WHAT THE TASK REQUIRES: Set down the lines of the data exactly, starting at the first and stopping after the line containing "preview picture of".

[Data extracted from a collection]

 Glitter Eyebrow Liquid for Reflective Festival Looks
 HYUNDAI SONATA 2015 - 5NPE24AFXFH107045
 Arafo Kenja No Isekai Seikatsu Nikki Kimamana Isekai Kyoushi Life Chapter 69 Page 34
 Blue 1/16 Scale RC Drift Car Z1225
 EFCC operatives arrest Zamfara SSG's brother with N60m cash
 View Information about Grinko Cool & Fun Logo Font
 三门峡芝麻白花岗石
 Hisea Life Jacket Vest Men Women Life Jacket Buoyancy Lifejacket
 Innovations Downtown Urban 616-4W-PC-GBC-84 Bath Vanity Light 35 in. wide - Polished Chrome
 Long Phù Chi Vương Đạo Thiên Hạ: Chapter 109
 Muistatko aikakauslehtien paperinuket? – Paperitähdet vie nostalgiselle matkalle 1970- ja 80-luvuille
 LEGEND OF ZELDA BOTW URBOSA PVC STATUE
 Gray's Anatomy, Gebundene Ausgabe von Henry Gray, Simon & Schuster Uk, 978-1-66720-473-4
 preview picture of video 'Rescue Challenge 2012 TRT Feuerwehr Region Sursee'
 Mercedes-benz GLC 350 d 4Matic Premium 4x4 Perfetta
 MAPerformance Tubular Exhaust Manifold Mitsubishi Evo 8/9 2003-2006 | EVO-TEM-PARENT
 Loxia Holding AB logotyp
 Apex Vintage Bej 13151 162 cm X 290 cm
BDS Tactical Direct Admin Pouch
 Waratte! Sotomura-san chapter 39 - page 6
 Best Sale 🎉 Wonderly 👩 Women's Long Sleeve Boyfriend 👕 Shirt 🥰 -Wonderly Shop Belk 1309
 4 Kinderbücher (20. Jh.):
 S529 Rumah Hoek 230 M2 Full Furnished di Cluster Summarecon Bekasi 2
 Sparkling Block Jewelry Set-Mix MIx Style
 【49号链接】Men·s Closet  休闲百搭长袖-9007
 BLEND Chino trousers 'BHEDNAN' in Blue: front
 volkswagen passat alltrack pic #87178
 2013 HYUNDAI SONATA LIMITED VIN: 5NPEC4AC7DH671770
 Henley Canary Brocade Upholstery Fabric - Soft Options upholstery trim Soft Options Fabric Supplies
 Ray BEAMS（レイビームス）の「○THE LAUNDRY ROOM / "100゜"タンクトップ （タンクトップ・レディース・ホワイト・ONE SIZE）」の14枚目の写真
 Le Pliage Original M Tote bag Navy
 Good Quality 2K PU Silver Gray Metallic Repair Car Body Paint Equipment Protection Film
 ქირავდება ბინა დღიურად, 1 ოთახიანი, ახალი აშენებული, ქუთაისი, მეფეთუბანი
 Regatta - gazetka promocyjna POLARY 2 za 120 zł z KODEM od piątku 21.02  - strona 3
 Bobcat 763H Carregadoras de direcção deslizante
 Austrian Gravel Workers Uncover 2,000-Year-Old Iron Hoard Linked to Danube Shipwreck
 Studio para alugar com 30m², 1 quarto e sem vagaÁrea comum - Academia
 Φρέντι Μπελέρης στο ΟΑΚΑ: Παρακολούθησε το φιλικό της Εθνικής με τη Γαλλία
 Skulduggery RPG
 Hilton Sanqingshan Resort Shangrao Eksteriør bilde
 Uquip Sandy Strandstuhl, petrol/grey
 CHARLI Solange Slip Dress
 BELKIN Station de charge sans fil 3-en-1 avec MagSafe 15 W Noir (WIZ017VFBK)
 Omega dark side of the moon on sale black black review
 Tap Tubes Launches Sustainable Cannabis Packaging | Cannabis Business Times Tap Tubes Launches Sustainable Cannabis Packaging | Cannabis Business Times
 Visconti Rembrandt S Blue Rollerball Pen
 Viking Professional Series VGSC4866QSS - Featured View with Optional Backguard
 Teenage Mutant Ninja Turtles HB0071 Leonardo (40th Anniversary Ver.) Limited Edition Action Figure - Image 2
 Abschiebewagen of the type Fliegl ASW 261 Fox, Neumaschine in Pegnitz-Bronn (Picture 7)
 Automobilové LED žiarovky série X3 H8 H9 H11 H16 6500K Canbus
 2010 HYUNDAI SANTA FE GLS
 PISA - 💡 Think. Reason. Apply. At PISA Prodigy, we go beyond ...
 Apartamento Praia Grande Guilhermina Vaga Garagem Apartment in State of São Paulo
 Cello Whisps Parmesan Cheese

THE COMPLETED TASK:
 Glitter Eyebrow Liquid for Reflective Festival Looks
 HYUNDAI SONATA 2015 - 5NPE24AFXFH107045
 Arafo Kenja No Isekai Seikatsu Nikki Kimamana Isekai Kyoushi Life Chapter 69 Page 34
 Blue 1/16 Scale RC Drift Car Z1225
 EFCC operatives arrest Zamfara SSG's brother with N60m cash
 View Information about Grinko Cool & Fun Logo Font
 三门峡芝麻白花岗石
 Hisea Life Jacket Vest Men Women Life Jacket Buoyancy Lifejacket
 Innovations Downtown Urban 616-4W-PC-GBC-84 Bath Vanity Light 35 in. wide - Polished Chrome
 Long Phù Chi Vương Đạo Thiên Hạ: Chapter 109
 Muistatko aikakauslehtien paperinuket? – Paperitähdet vie nostalgiselle matkalle 1970- ja 80-luvuille
 LEGEND OF ZELDA BOTW URBOSA PVC STATUE
 Gray's Anatomy, Gebundene Ausgabe von Henry Gray, Simon & Schuster Uk, 978-1-66720-473-4
 preview picture of video 'Rescue Challenge 2012 TRT Feuerwehr Region Sursee'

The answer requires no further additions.